# Windows 10 - Thunderbird stops working



## thekidr (Aug 2, 2015)

Just recently I down loaded the new Windows 10. Since then my Email Program (Thunderbird) stops working when I am sending out emails. After a few minutes it starts up again. Sometime the email gets sent and sometimes I find it in my drafts program. It may do this a few times while I am writing my email. Had no problem before Windows 10.


----------



## Masterchiefxx17 (Feb 27, 2010)

*Re: thekidr*

Hi and Welcome to TSF!

Windows 10 is a brand new OS and Thunderbird may not be fully patched or updated for it.

Who is your service provider for email?


----------



## thedarkness (Dec 30, 2004)

When I first installed Windows 10, no updates or programs that had to access the net (including Thunderbird, Spotify) would work. I had to disable the firewall (not recommended) for windows to update. After a couple of days/restarts, my programs could access the internet again.

Thunderbird is working here for yahoo (pop) and gmail (imap), I am able to send and receive. Make sure you have updated to the latest version of Thunderbird


----------



## Corday (Mar 3, 2010)

I've had this happen in TBird in other OSs.
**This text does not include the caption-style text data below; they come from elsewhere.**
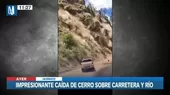 Huánuco: Personas salvaron de morir tras impresionante caída de cerro sobre carretera y río - Noticias de carretera
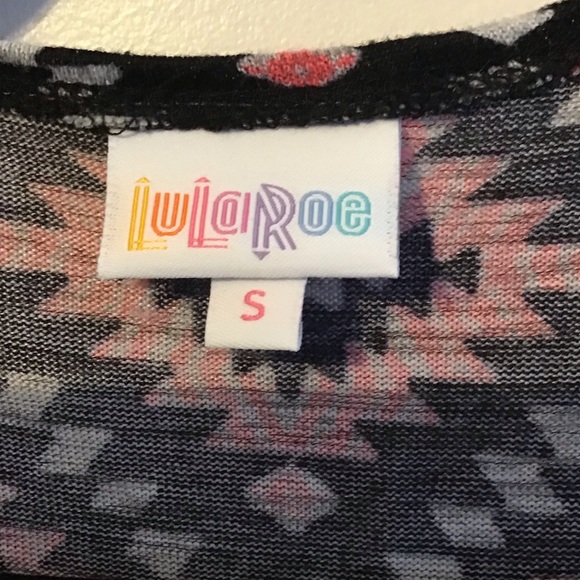 EUC LulaRoe Shirley Aztec Black & Pink design. Sz Small - Picture 2 of 5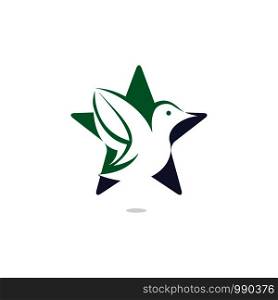 Star bird vector logo design. Creative bird and star icon.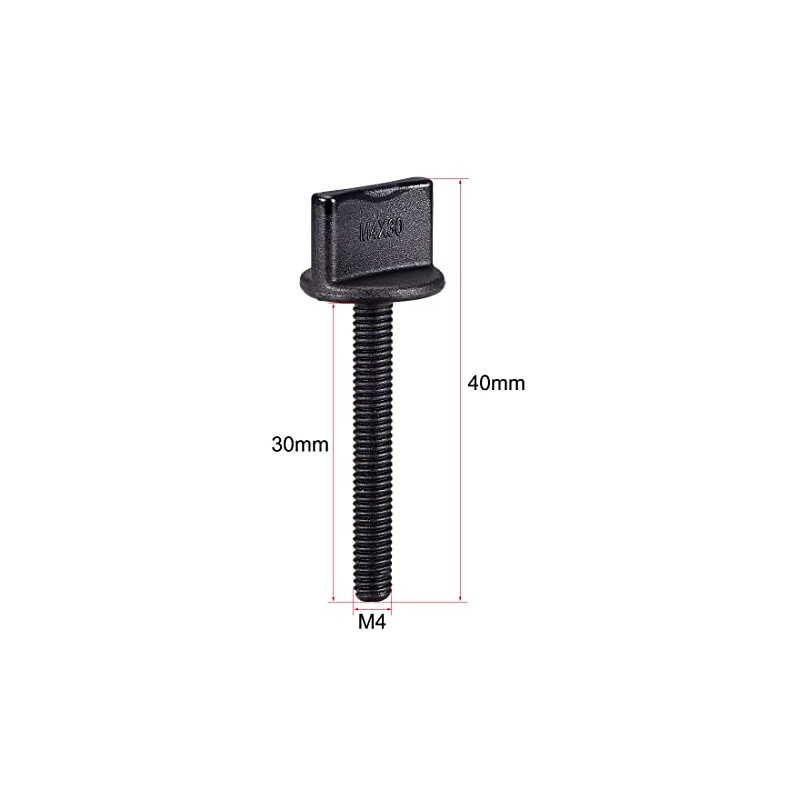sourcing map M4 x 30 mm Thumb Screw Bolts Nylon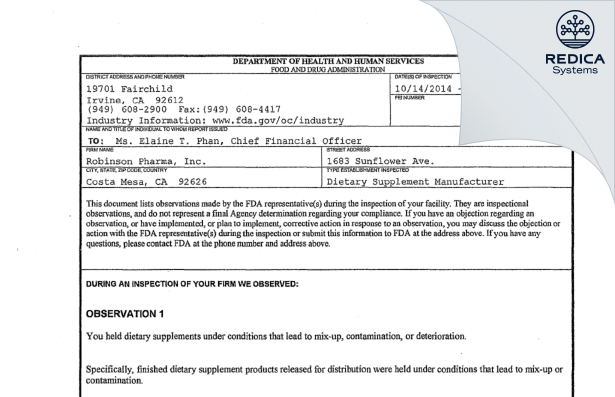 FDA 483 - Robinson Pharma, Inc. [Costa Mesa / United States of America] - Download PDF - Redica Systems
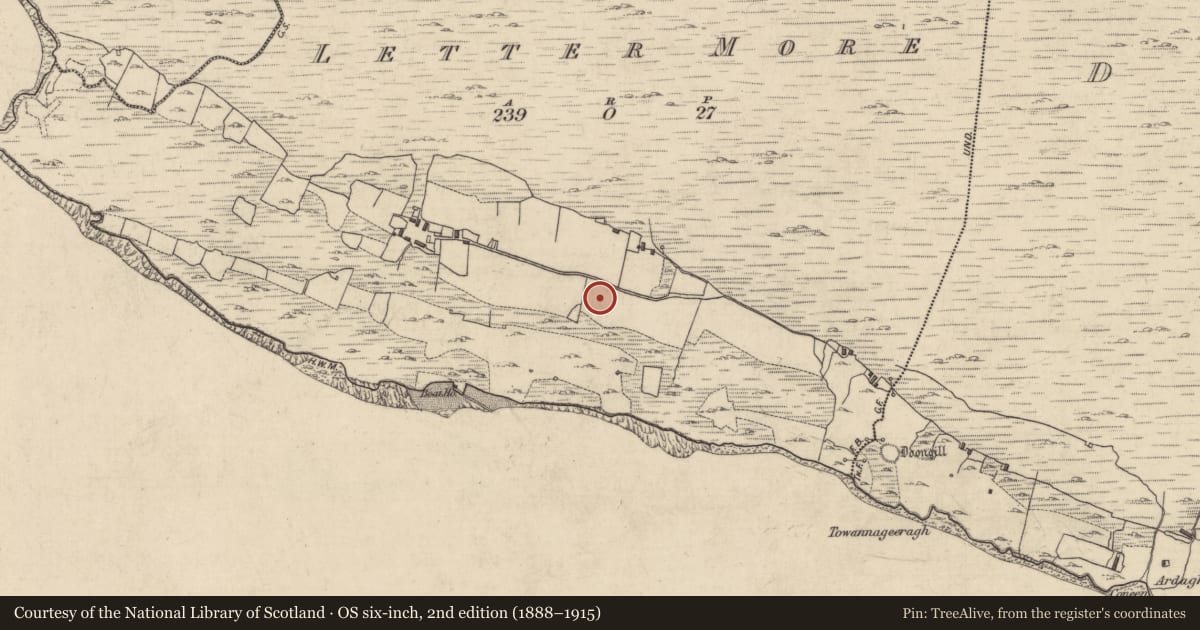 Ordnance Survey six-inch map, 2nd edition (1888–1915) covering the location of Bullaun stone, Letter More, County Galway, with a pin at the register's coordinates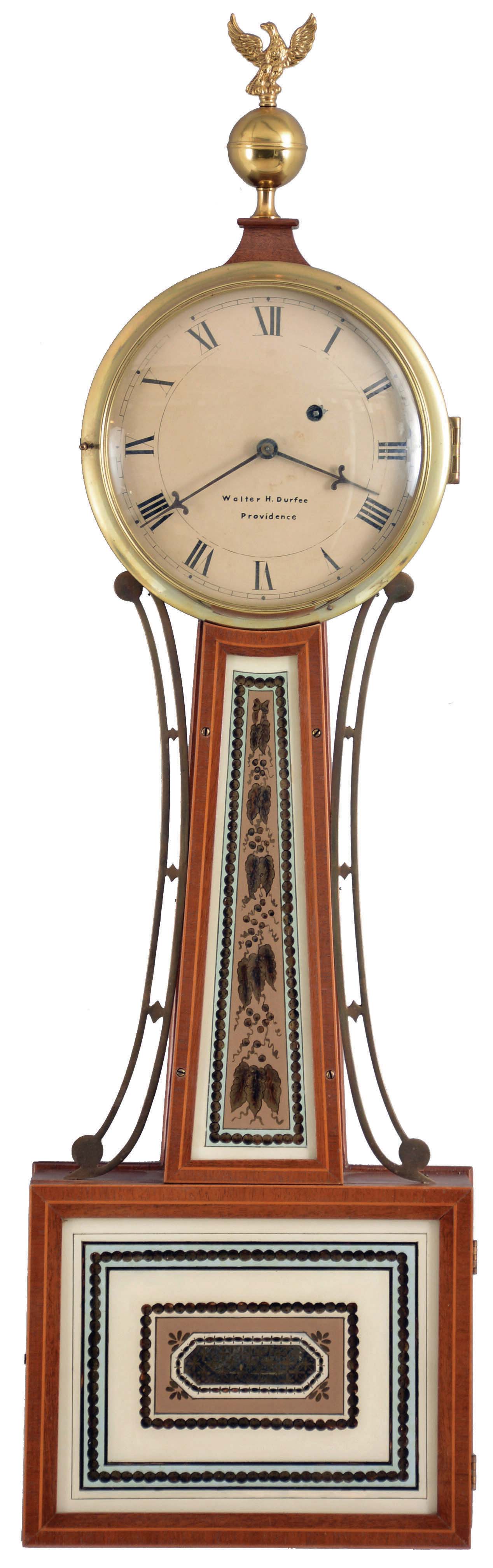 Walter H. Durfee, Providence, Rhode Island, cross banded veneer Patent or banjo timepiece, with 8 day, time only, weight driven, brass movement . — Antique Clocks Price Guide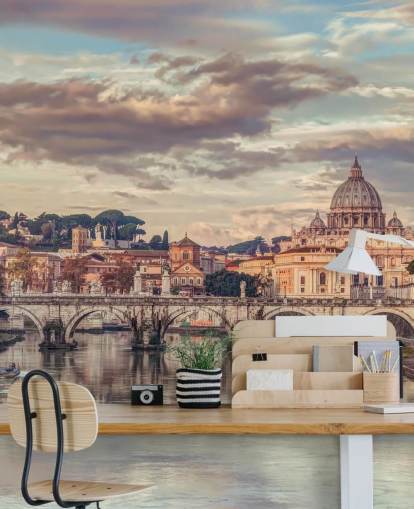view of st peters basilica from river wallpaper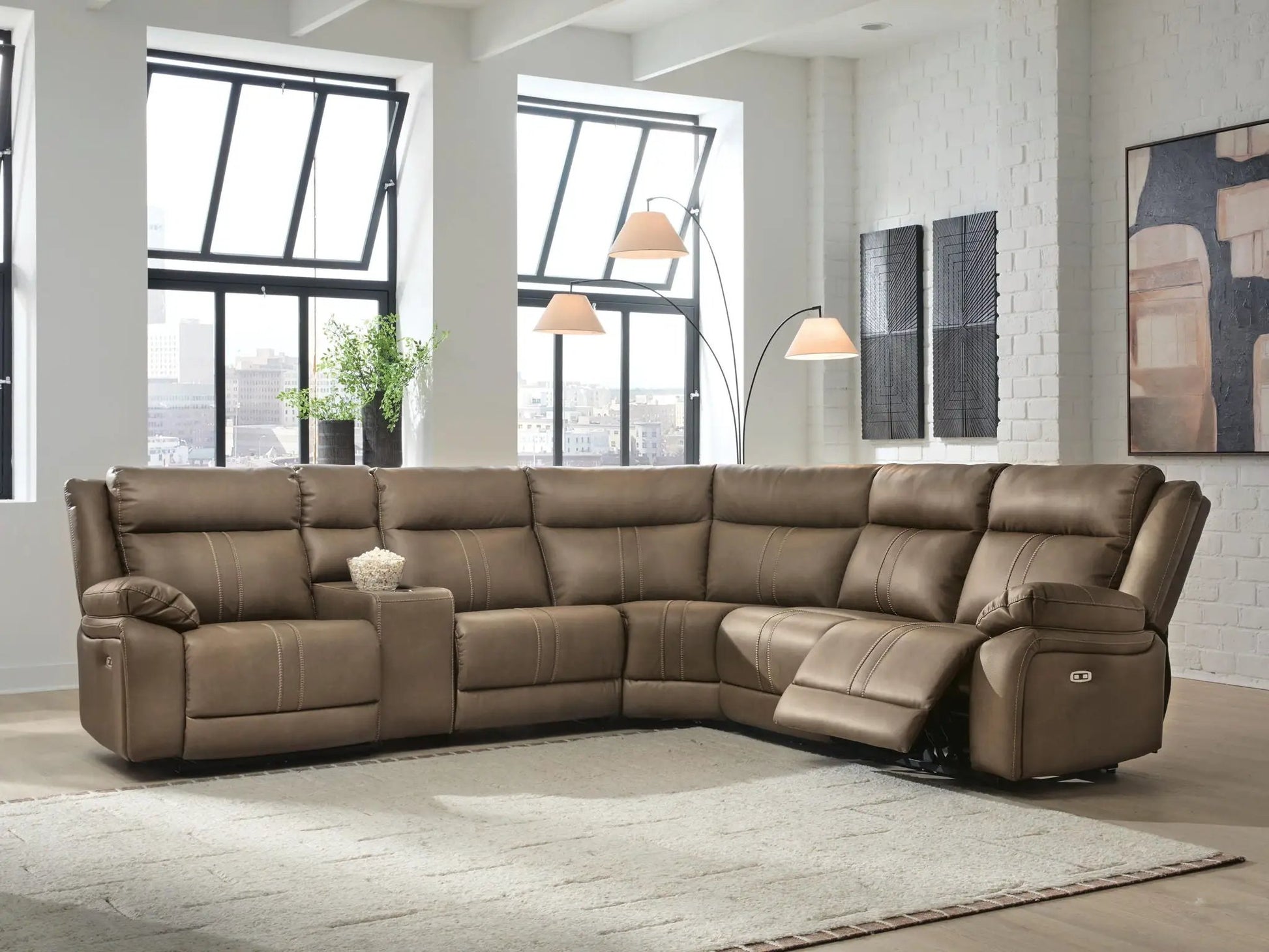 Max-Momentum reclining sectional in brown leather upholstery by Unique Piece Furniture on Tampa Home & Garden Store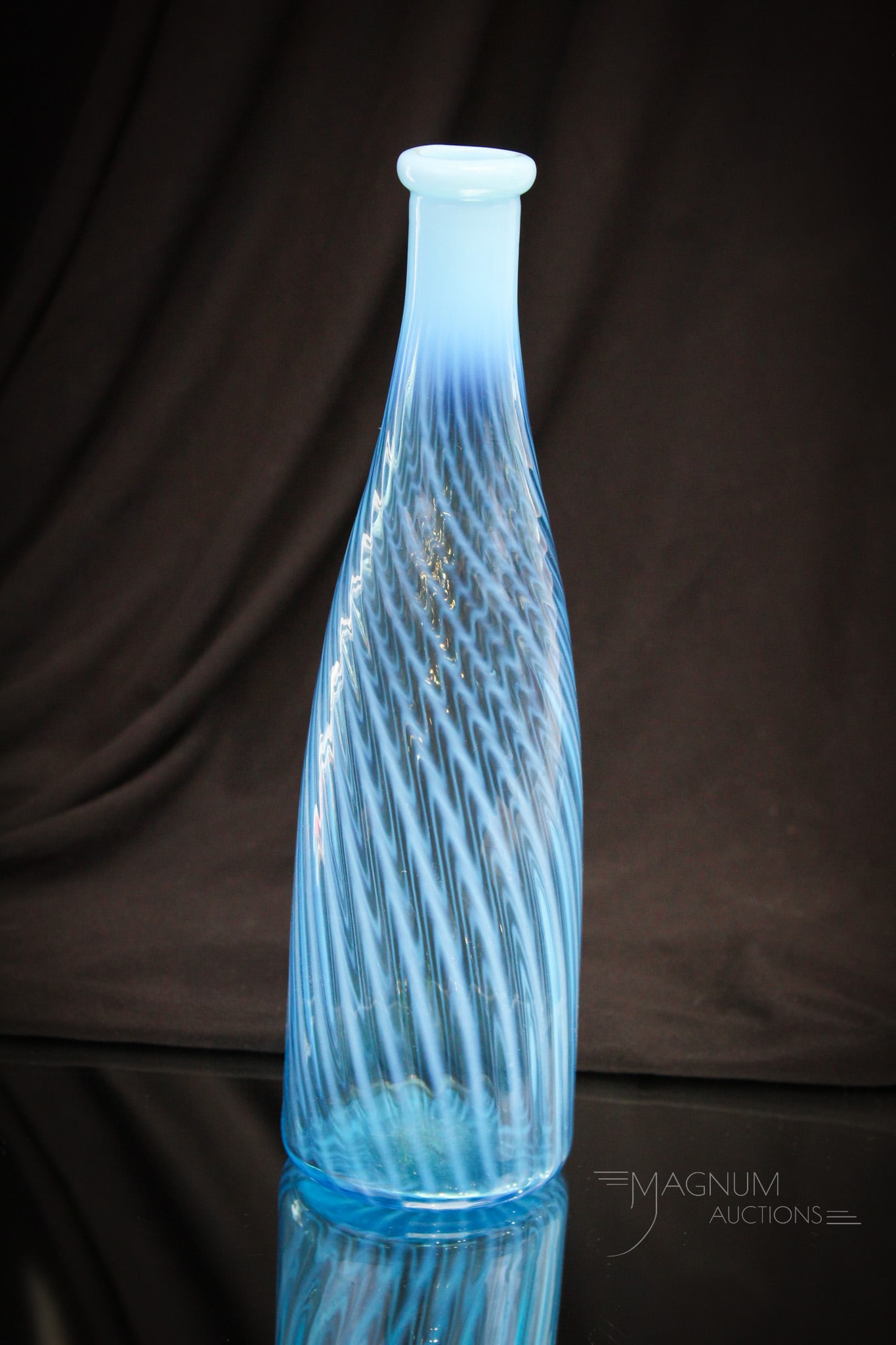 Blue Opalesceent Swirl Pepsi-Mold Victorian Barber Bottle (1 of 6)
Was always an ISP problem.


----------



## etaf (Dec 28, 2008)

Thunderbird is working fine for me - three days on W10 
gmail, yahoo, hotmail, outlook.com, aol and my own domain name


----------



## robertbrucejr (Aug 4, 2015)

ok folks thunderbird is having compatiblity issues with windows 10 however i can still send and receive emails and my address book is still accessible.try this if you have windows 10 installed,locate thunderbird in your programs folder and add the thunderbird icon to the taskbar.once this is done right click the thunderbird icon and all your options become available.it's worked fine for me, untill the folks at mozilla update thunderbird for windows 10.


----------



## etaf (Dec 28, 2008)

Thunderbird has worked fine for me now , on three upgrades 
Only issue I had , was the date format 
Also managed to copy the profile over on 1 PC that has 1000's of emails and about 12 email accounts and its all worked fine.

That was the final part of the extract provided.